Hi Stefan


On Wed, May 14, 2014 at 4:08 PM, Stefan Bunk
<stefan.b...@student.hpi.uni-potsdam.de> wrote:
> Hi,
>
> I have problems with using the Custom NER Model Extraction Engine [1].
> Basically, no entities are not found, even though the underlying model is
> correct.
>
> Here's what I did:
> 1.  I build a custom NER model for places from geonames.org according to
> the OpenNLP website [2]. I tested my model with the OpenNLP command line
> tool, and it worked (i.e. I give my model a text and the entities are found
> correctly).
> 2. I copied the model to both ./launchers/stanbol/datafiles/geonames.bin
> and ./enhancement-engines/topic/engine/sling/datafiles/geonames.bin.

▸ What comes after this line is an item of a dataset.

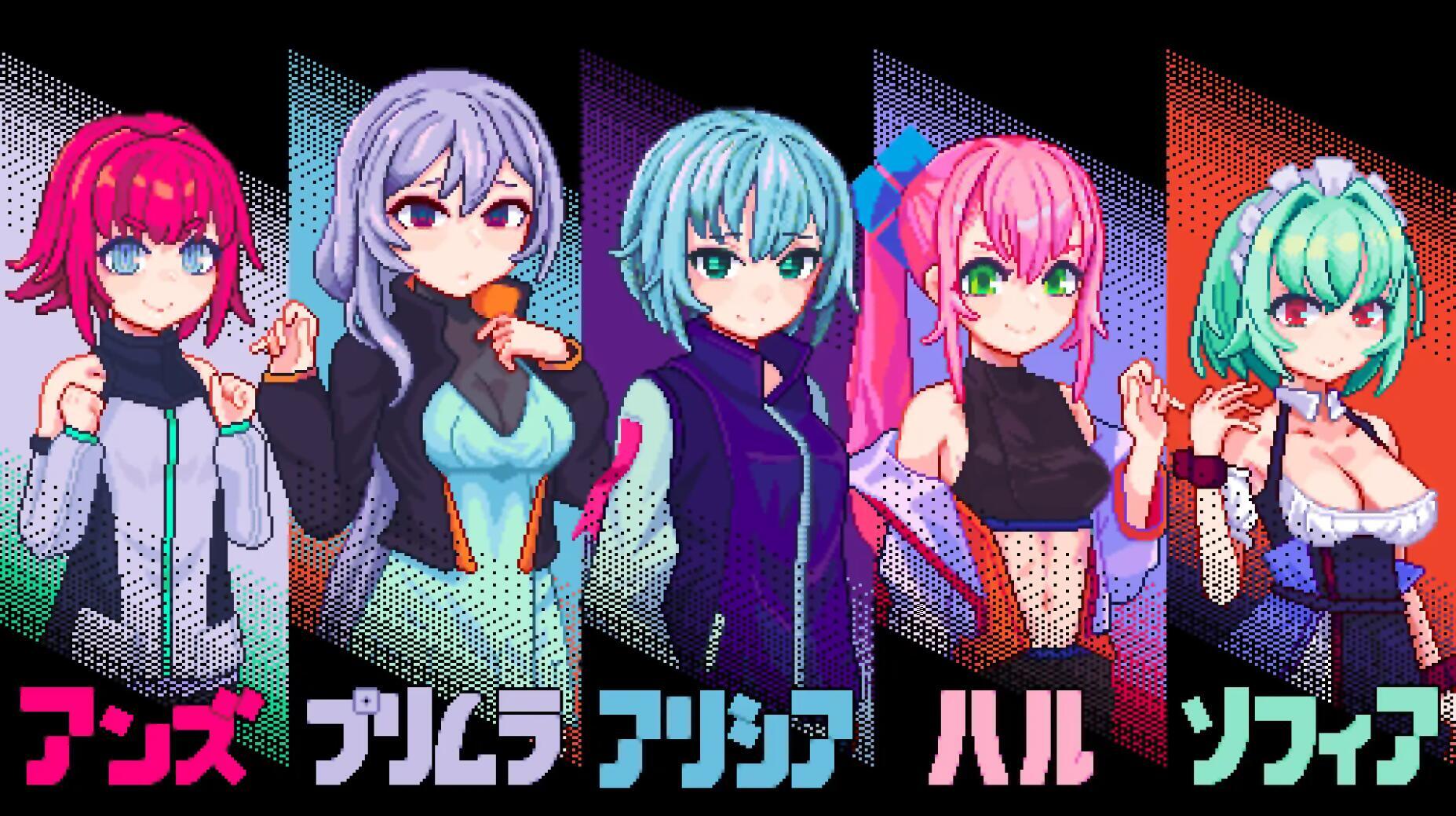 图片[4]-t2069 提线人偶/MARIONETTE 官方中文[新作/81M]-11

You need to copy the model to the datafilee folder of your stanbol
instance. By default this is "./stanbol/datafiles". So if you run
stanbol in "/foo/bar" the model needs to be available under
"/foo/bar/stanbol/datafiles/geonames.bin".

> 3. In the Apache Felix Web Console Configuration, I created a new "Custom
> NER Model" with the following settings:
>                 - name: Geonames NER

This is the name of the engine. Typically lower case names with '-' as
word separator or CamelCase names are used as names. So I suggest to
use  "geonames-ner" as name for your engine

>                 - Name Finder Model: geonames.bin
>                 - Type Mappings: place > http://dbpedia.org/ontology/Place
>                 - Ranking: -100
> 4. I build a new enhancement chain with: tika, langdetect,
> opennlp-sentence, opennlp-token, opennlp-pos, opennlp-ner, geonames-ner,
> geonames

Based on the provided information you used "Geonames NER" as name of
your engine. This chain however refers "geonames-ner". I would expect
the chain to be unsatisfied as no "geonames-ner" engine is around.

> 5. Server restart

A server restart is not needed. If you update the model you might need
to start/stop the OpenNLP component as it keeps a SoftReference to the
loaded models.

> 6. I send the exactly same string as in 1. when I tested the model, but no
> entities are found.

I would expect an ChainException as your chain refers "geonames-ner"
and the name of the configured engine is "Geonames NER"

>
> Any hint would be useful!
> How can I check, that Stanbol correctly finds my geonames.bin file? If I
> intentionally add a file which does not exist, no error occurs.

The "Stanbol Data File Provider" Tab of the Felix Webconsole provides
information about requested data files. There is also INFO level
logging of the Custom NER Model Engine.


As I was not using the Custom NER engine since a long time I
successfully tested the engine with the 0.12.1-SNAPSHOT [4]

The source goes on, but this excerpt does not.